*** Opening of Extracted data ***

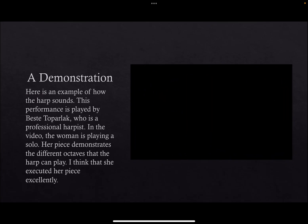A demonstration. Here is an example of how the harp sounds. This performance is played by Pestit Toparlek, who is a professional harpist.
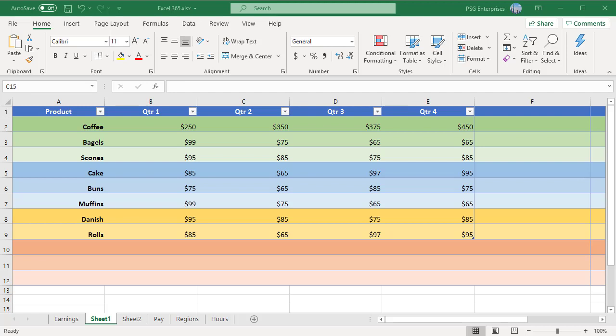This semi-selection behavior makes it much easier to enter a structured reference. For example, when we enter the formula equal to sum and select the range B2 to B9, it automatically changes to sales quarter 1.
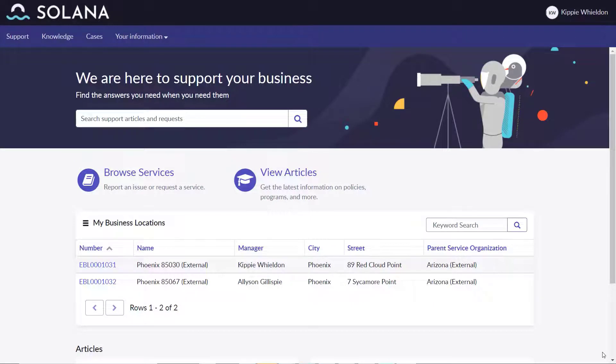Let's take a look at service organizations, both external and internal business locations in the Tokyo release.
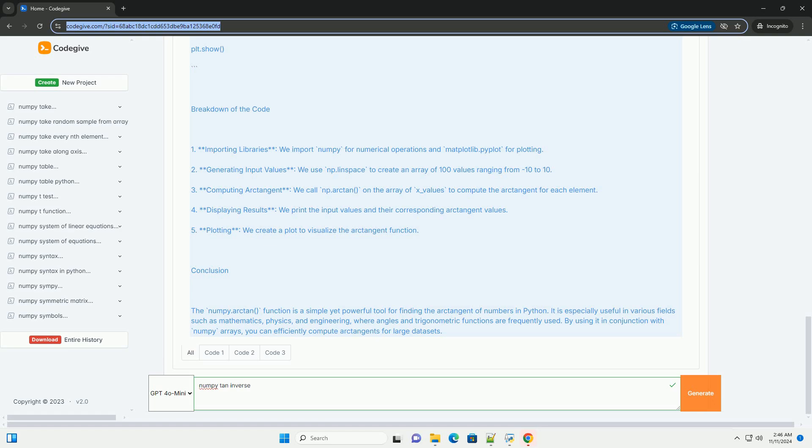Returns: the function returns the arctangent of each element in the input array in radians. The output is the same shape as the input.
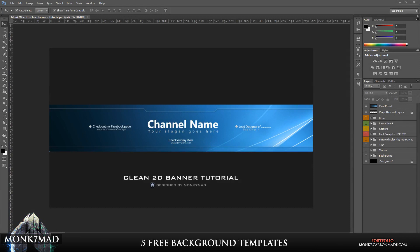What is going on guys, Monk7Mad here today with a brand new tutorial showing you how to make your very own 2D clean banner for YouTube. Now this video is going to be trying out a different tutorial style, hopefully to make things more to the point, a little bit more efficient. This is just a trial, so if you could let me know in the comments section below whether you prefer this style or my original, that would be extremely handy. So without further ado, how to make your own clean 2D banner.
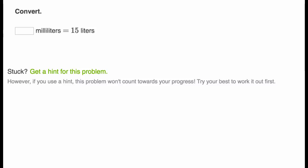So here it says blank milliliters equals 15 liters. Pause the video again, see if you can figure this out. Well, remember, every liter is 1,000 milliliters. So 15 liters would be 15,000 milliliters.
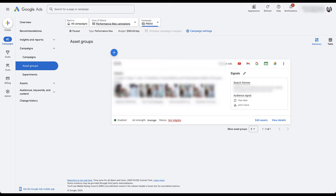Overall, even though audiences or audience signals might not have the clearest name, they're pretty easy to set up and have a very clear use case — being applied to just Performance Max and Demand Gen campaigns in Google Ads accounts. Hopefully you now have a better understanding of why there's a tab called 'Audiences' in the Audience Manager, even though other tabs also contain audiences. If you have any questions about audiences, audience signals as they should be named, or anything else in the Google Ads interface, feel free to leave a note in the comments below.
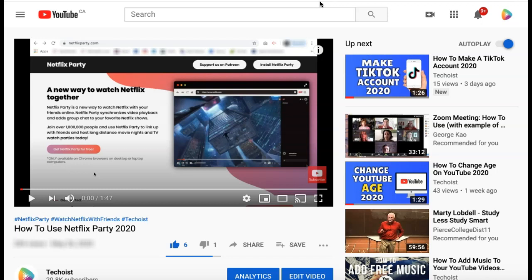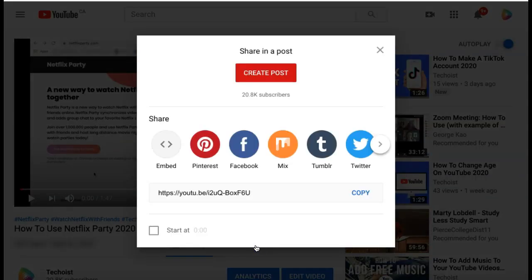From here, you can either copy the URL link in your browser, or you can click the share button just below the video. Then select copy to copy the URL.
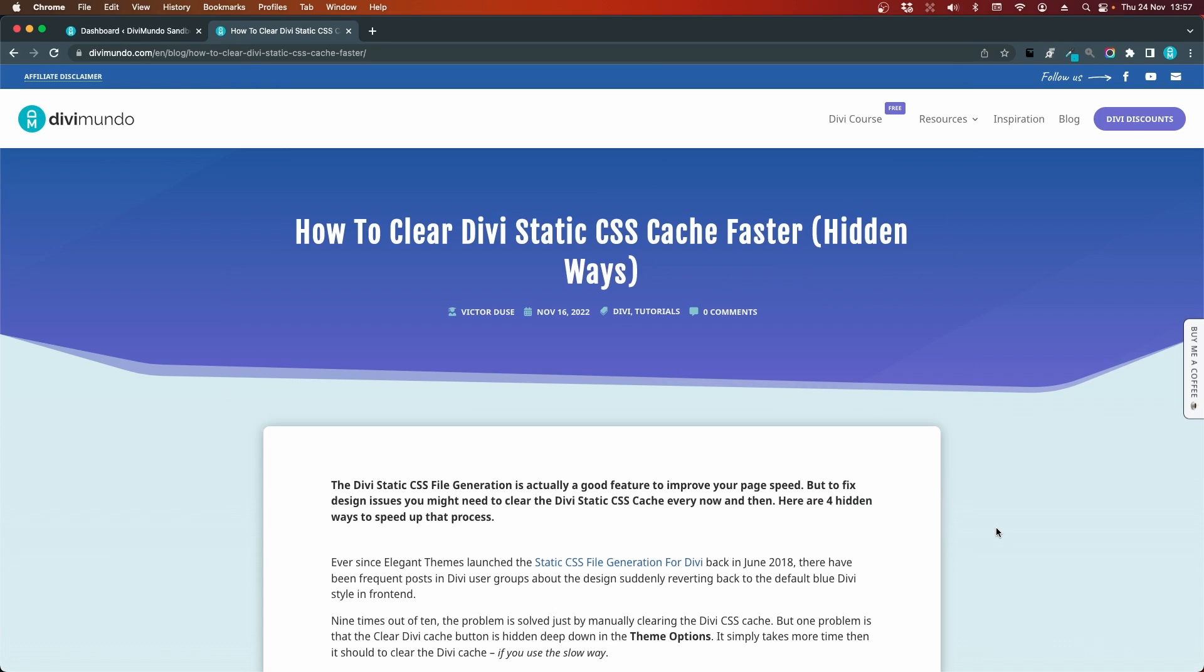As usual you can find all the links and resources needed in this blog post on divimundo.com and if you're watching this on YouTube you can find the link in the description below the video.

*** Close of Extracted data ***
*** Opening of Extracted data ***

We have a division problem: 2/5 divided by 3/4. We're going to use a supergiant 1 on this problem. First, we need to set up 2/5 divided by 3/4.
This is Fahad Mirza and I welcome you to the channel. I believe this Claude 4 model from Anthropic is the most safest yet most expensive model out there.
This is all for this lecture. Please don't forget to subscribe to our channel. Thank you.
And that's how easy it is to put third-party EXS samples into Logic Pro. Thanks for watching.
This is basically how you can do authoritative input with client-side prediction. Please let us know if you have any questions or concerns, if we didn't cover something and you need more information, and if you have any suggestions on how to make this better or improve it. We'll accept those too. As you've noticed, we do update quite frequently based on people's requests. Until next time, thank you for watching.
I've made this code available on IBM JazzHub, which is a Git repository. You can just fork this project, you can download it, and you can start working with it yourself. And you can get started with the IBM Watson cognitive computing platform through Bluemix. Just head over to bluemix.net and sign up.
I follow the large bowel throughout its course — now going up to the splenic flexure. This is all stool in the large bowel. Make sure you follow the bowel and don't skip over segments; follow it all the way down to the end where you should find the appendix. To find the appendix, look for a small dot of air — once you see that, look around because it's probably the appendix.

*** Close of Extracted data ***
*** Opening of Extracted data ***

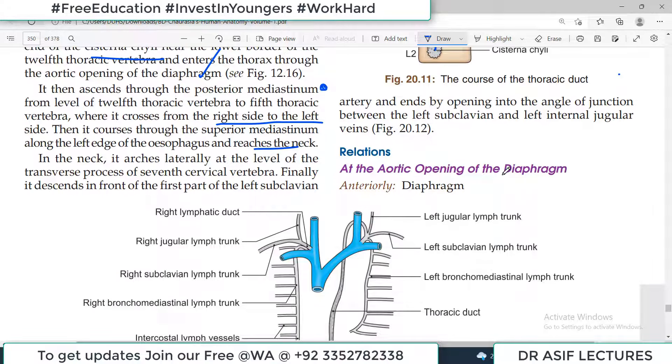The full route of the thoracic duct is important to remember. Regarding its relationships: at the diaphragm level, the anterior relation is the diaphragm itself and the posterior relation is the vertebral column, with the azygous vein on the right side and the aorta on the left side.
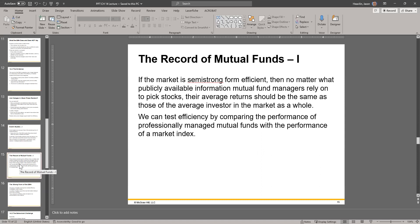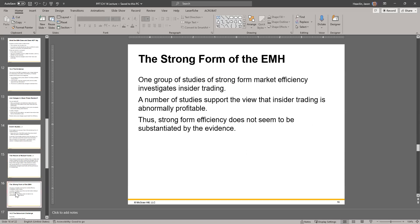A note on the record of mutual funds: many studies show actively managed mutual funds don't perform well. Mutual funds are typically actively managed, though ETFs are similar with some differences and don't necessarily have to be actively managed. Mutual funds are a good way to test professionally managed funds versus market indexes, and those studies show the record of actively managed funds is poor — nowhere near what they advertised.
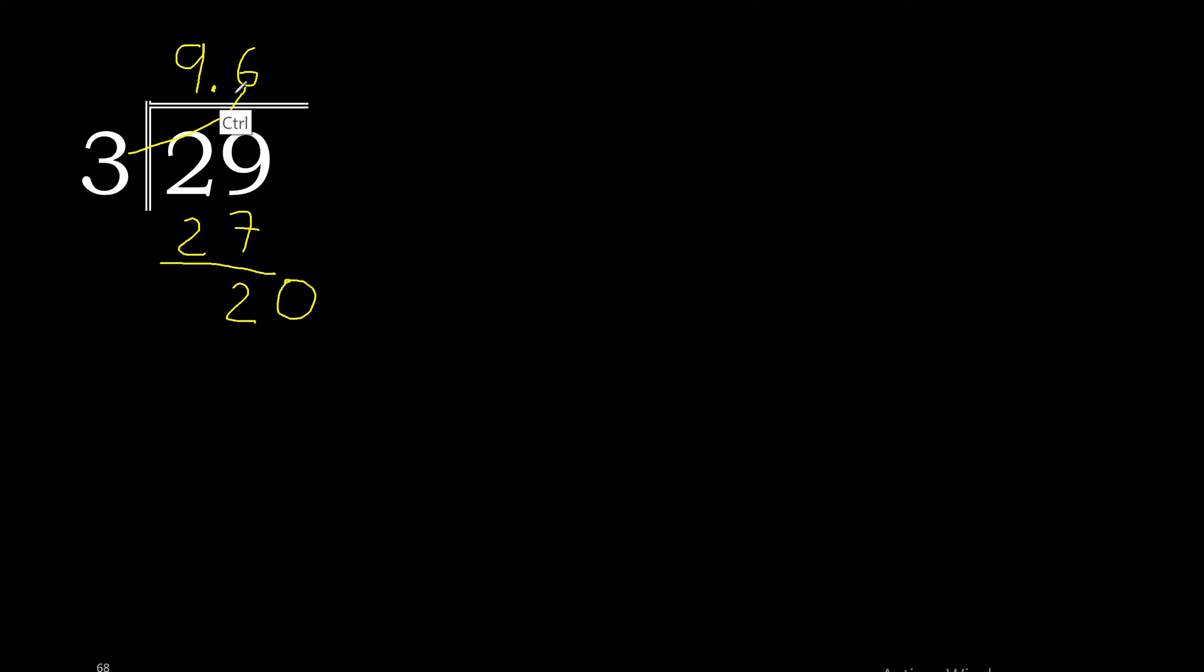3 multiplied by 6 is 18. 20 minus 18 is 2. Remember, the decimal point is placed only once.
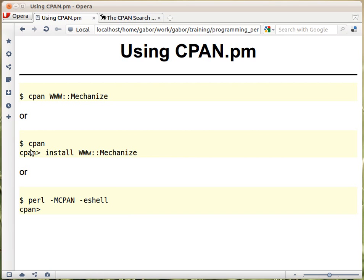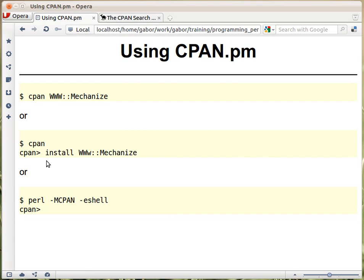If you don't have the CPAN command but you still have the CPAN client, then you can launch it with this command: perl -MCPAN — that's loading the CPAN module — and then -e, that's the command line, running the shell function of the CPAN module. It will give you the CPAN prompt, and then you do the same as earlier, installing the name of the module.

*** Close of Extracted data ***

What to produce - Set down, exactly as written above, each line from the one with "A demonstration. Here" through the one with "Returns: the function", and skip the pictures.

Solution for this exercise -
A demonstration. Here is an example of how the harp sounds. This performance is played by Pestit Toparlek, who is a professional harpist.
This semi-selection behavior makes it much easier to enter a structured reference. For example, when we enter the formula equal to sum and select the range B2 to B9, it automatically changes to sales quarter 1.
Let's take a look at service organizations, both external and internal business locations in the Tokyo release.
Returns: the function returns the arctangent of each element in the input array in radians. The output is the same shape as the input.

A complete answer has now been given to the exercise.